Stepping away from the Windows on the World Wine School, which he founded 40 years ago and through which he taught more than 20,000 students, doesn’t mean he’ll stop teaching about wine, he said. He is a self-taught wine expert, starting at 19. His college degree is in education and it seems to be in his DNA. He has prestigious awards to show for it.
Instead of the Windows classes, which consisted of eight two-hour sessions, at one point four times a year, he will continue teaching master classes through his partnership, begun in 2002, with legendary wine store Sherry-Lehmann Wine & Spirits. He is director of the Sherry-Lehmann/Kevin Zraly Master Classes and Wine Club (begun in 2010) and he has conducted more than 60 master wine classes there in a classroom that he helped designed for 40 students. Zraly told me that he guides the proceedings, giving the floor to some of the world’s most respected winemakers and winery owners — not salespeople -- who pour and discuss at least 10 of their wines.

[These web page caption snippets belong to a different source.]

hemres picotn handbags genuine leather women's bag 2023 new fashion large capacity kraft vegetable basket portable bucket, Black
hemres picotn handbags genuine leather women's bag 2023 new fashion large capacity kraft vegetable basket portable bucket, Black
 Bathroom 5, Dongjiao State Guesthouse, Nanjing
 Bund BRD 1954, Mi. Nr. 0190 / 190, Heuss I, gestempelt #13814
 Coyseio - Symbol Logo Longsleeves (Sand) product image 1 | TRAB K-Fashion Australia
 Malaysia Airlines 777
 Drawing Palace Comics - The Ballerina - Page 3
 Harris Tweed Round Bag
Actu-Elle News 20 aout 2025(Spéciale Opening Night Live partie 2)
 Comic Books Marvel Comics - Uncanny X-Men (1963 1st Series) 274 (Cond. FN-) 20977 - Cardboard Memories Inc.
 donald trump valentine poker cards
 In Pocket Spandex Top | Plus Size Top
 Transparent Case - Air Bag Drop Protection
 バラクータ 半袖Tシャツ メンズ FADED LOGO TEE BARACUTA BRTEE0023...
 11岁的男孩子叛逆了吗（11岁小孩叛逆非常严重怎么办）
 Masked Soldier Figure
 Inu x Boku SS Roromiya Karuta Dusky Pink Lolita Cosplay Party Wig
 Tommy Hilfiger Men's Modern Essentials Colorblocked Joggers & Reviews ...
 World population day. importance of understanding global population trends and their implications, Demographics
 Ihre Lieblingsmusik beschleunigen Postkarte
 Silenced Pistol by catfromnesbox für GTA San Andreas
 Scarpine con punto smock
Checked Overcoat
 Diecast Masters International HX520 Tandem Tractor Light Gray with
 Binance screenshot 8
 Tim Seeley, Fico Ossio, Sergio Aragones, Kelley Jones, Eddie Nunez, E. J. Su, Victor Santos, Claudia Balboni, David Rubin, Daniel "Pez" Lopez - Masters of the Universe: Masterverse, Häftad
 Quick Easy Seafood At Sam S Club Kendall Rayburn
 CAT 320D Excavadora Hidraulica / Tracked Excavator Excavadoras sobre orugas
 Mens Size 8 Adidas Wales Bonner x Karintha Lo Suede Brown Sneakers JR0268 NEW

In terms of more control and less wear and tear on Zraly, who commutes from New Paltz for the many moving parts of his life in wine, this arrangement sounds like a huge plus, economically and logistically. For instance, he won’t have to pay hotel markups for the wine or supplement what he buys with wines from his own cellar. He’ll also be able to use his own pourers, not hotel employees.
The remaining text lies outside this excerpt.